Muhammad (c. 570 – June 8, 632) was an Arab religious, political, and military leader who founded the religion of Islam as a historical phenomenon. Muslims view him not as the creator of a new religion, but as the restorer of the original, uncorrupted monotheistic faith of Adam, Abraham and others. In Muslim tradition, Muhammad is viewed as the last and the greatest in a series of prophets — as the man closest to perfection, the possessor of all virtues. For the last 23 years of his life, beginning at age 40, Muhammad reported receiving revelations from God. The content of these revelations, known as the Qur'an, was memorized and recorded by his companions. During this time, Muhammad preached to the people of Mecca, imploring them to abandon polytheism. Although some converted to Islam, Muhammad and his followers were persecuted by the leading Meccan authorities. After 13 years of preaching, Muhammad and the Muslims performed the Hijra ("emigration") to the city of Medina (formerly known as Yathrib) in 622. There, with the Medinan converts (Ansar) and the Meccan migrants (Muhajirun), Muhammad established his political and religious authority. Within years, two battles had been fought against Meccan forces: the Battle of Badr in 624, which was a Muslim victory, and the Battle of Uhud in 625, which ended inconclusively. Conflict with Medinan Jewish clans who opposed the Muslims led to their exile, enslavement or death, and the Jewish enclave of Khaybar was subdued. At the same time, Meccan trade routes were cut off as Muhammad brought surrounding desert tribes under his control. By 629 Muhammad was victorious in the nearly bloodless Conquest of Mecca, and by the time of his death in 632 he ruled over the Arabian peninsula. In Islam, the "normative" example of Muhammad's life is called the Sunnah (literally "trodden path"). This example is preserved in traditions known as hadith ("reports"), which recount his words, his actions, and his personal characteristics. The classical Muslim jurist ash-Shafi'i (d. 820) emphasized the importance of the Sunnah in Islamic law, and Muslims are encouraged to emulate Muhammad's actions in their daily lives. The Sunnah is seen as crucial to guiding interpretation of the Qur'an.



Resurrection and judgment



Belief in the "Day of Resurrection", yawm al-Qiyamah (also known as yawm ad-din, "Day of Judgment" and "the Last Hour") is also crucial for Muslims. They believe that the time of Qiyamah is preordained by God but unknown to man. The trials and tribulations preceding and during the Qiyamah are described in the Qur'an and the hadith, and also in the commentaries of Islamic scholars. The Qur'an emphasizes bodily resurrection, a break from the pre-Islamic Arabian understanding of death. It states that resurrection will be followed by the gathering of mankind, culminating in their judgment by God. The Shi'a understanding of free will is called "divine justice" (Adalah). This doctrine, originally developed by the Mu'tazila, stresses the importance of man's responsibility for his own actions. In contrast, the Sunni deemphasize the role of individual free will in the context of God's creation and foreknowledge of all things. The Qur'an lists several sins that can condemn a person to hell, such as disbelief, usury and dishonesty. Muslims view paradise (jannah) as a place of joy and bliss, with Qur'anic references describing its features and the physical pleasures to come. There are also references to a greater joy — acceptance by God (ridwan). Mystical traditions in Islam place these heavenly delights in the context of an ecstatic awareness of God.

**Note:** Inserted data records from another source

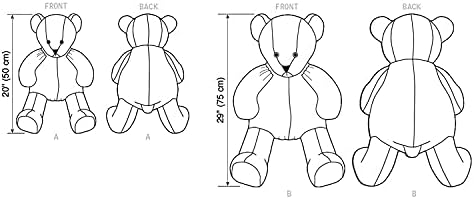 Едноставноста на кадифен мечка пакет, шема за шиење код 9307, една големина, бела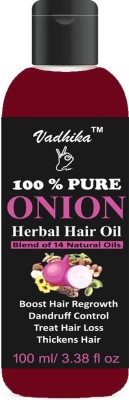 Vadhika Organic Onion Hair Oil with 14 Essential Oils for Hair Regrowth, Dandruff Control Hair Oil (100 ml) Hair Oil(100 ml)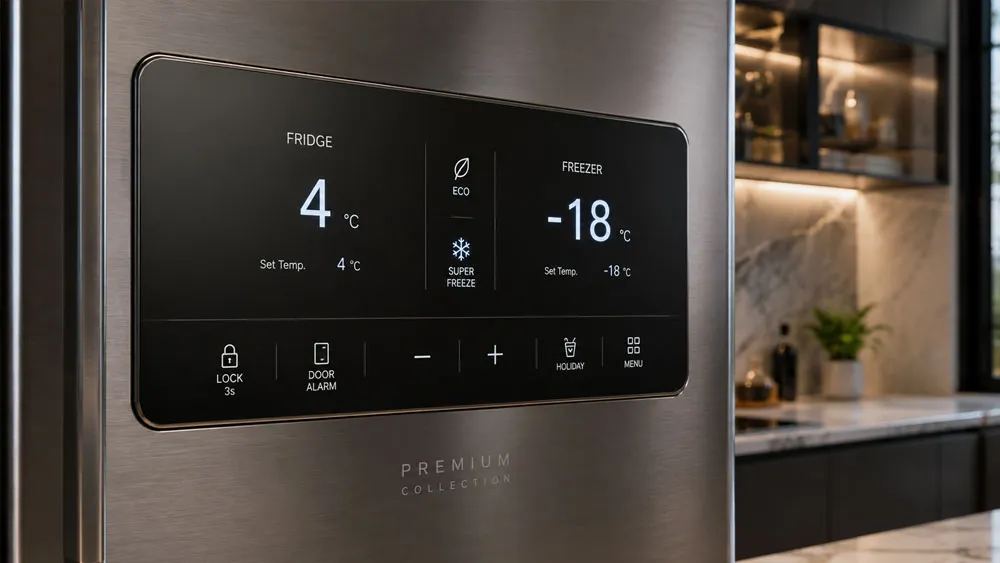 Điều chỉnh nhiệt độ tủ lạnh cao cấp để bảo quản thực phẩm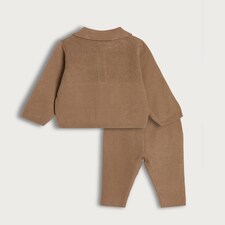 F&F x Samantha Faiers 2-Piece Knitted Polo Shirt and Leggings Set in Brown thumbnail 3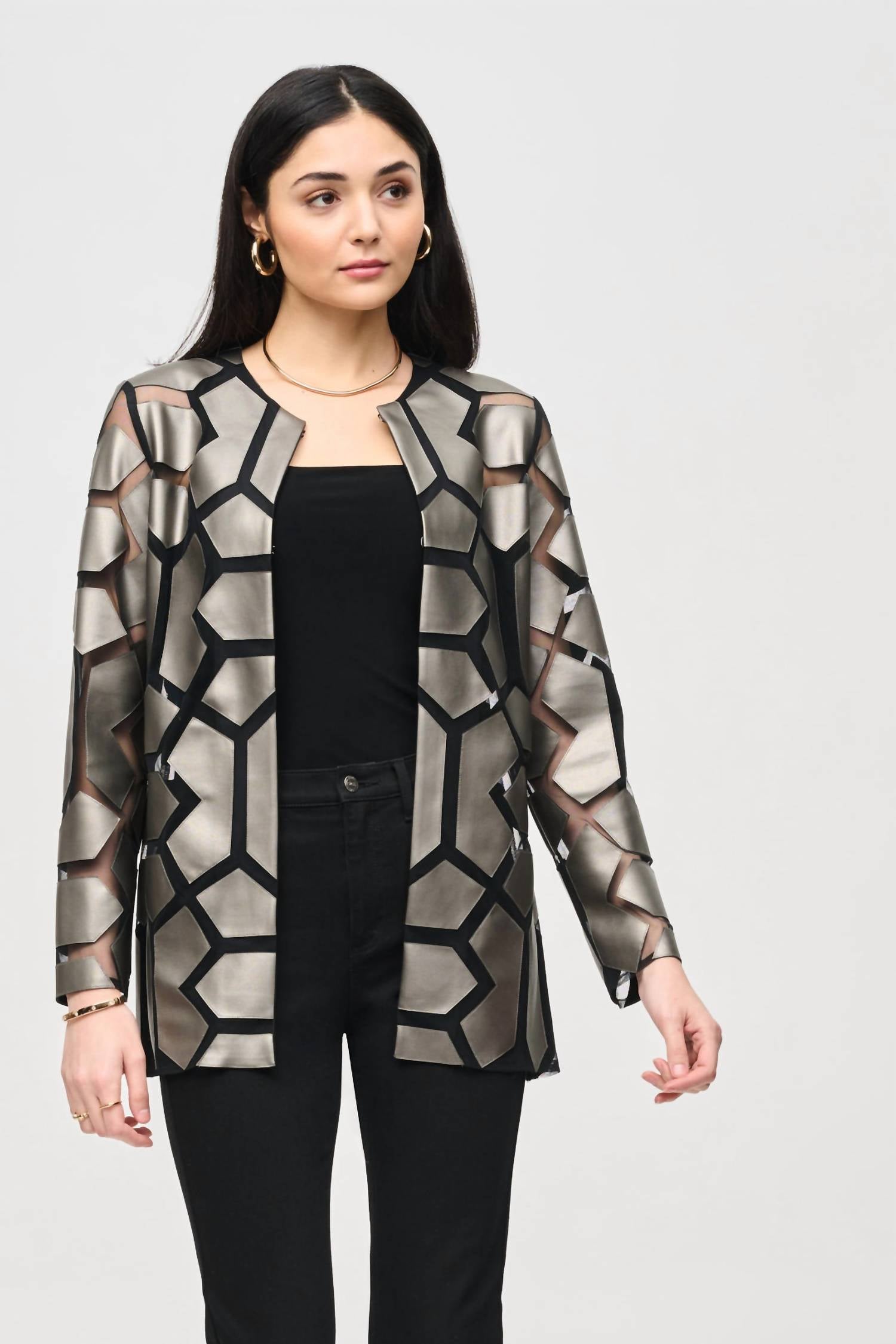 Joseph Ribkoff - Mesh Faux Leather Jacket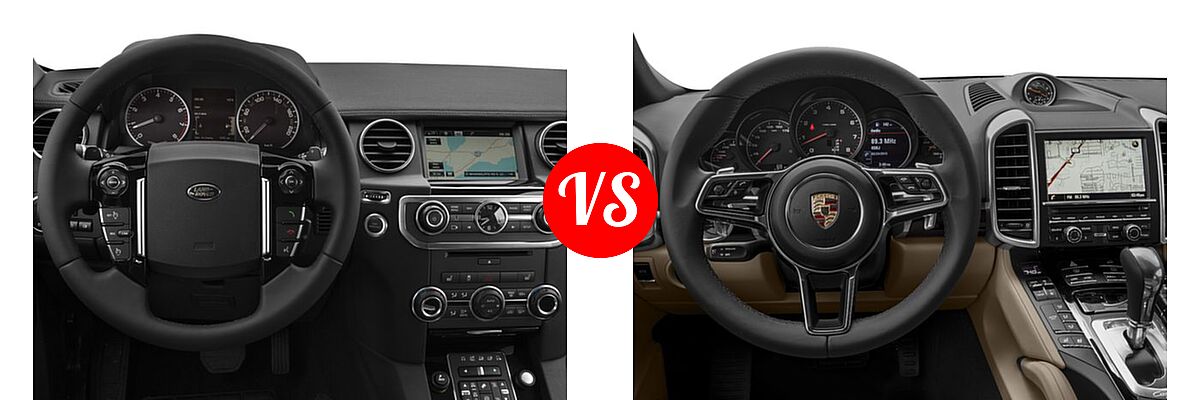 2016 Land Rover LR4 SUV HSE / HSE LUX vs. 2016 Porsche Cayenne SUV Diesel Diesel - Dashboard Comparison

Predestination and free will

In accordance with the Sunni Islamic belief in predestination, or divine preordainment (al-qada wa'l-qadar), God has full knowledge and control over all that occurs. This is explained in Qur'anic verses such as "Say: 'Nothing will happen to us except what Allah has decreed for us: He is our protector'…" For Muslims, everything in the world that occurs, good or evil, has been preordained and nothing can happen unless permitted by God. In Islamic theology, divine preordainment does not suggest an absence of God's indignation against evil, because any evils that do occur are thought to result in future benefits men may not be able to see. According to Muslim theologians, although events are pre-ordained, man possesses free will in that he has the faculty to choose between right and wrong, and is thus responsible for his actions. According to Islamic tradition, all that has been decreed by God is written in al-Lawh al-Mahfūz, the "Preserved Tablet". The Shi'a understanding of free will is called "divine justice" (Adalah). This doctrine, originally developed by the Mu'tazila, stresses the importance of man's responsibility for his own actions. In contrast, the Sunni deemphasize the role of individual free will in the context of God's creation and foreknowledge of all things.

5 PILLAR OF ISLAM









Rituals of the Hajj (pilgrimage) include walking seven times around the Kaaba in Mecca. The Five Pillars of Islam (Arabic: أركان الإسلام) are five practices essential to Sunni Islam. Shi'a Muslims subscribe to different sets of pillars which substantially overlap with the Five Pillars. They are:





The shahadah





The shahadah, which is the basic creed or tenet of Islam: "'ashadu 'al-la ilaha illa-llahu wa 'ashadu 'anna muhammadan rasulu-llah", or "I testify that there is none worthy of worship except God and I testify that Muhammad is the Messenger of God." This testament is a foundation for all other beliefs and practices in Islam. Muslims must repeat the shahadah in prayer, and non-Muslims wishing to convert to Islam are required to recite the creed.





Salah











Salah, or ritual prayer, which must be performed five times a day. Each salah is done facing towards the Kaaba in Mecca. Salah is intended to focus the mind on God, and is seen as a personal communication with him that expresses gratitude and worship.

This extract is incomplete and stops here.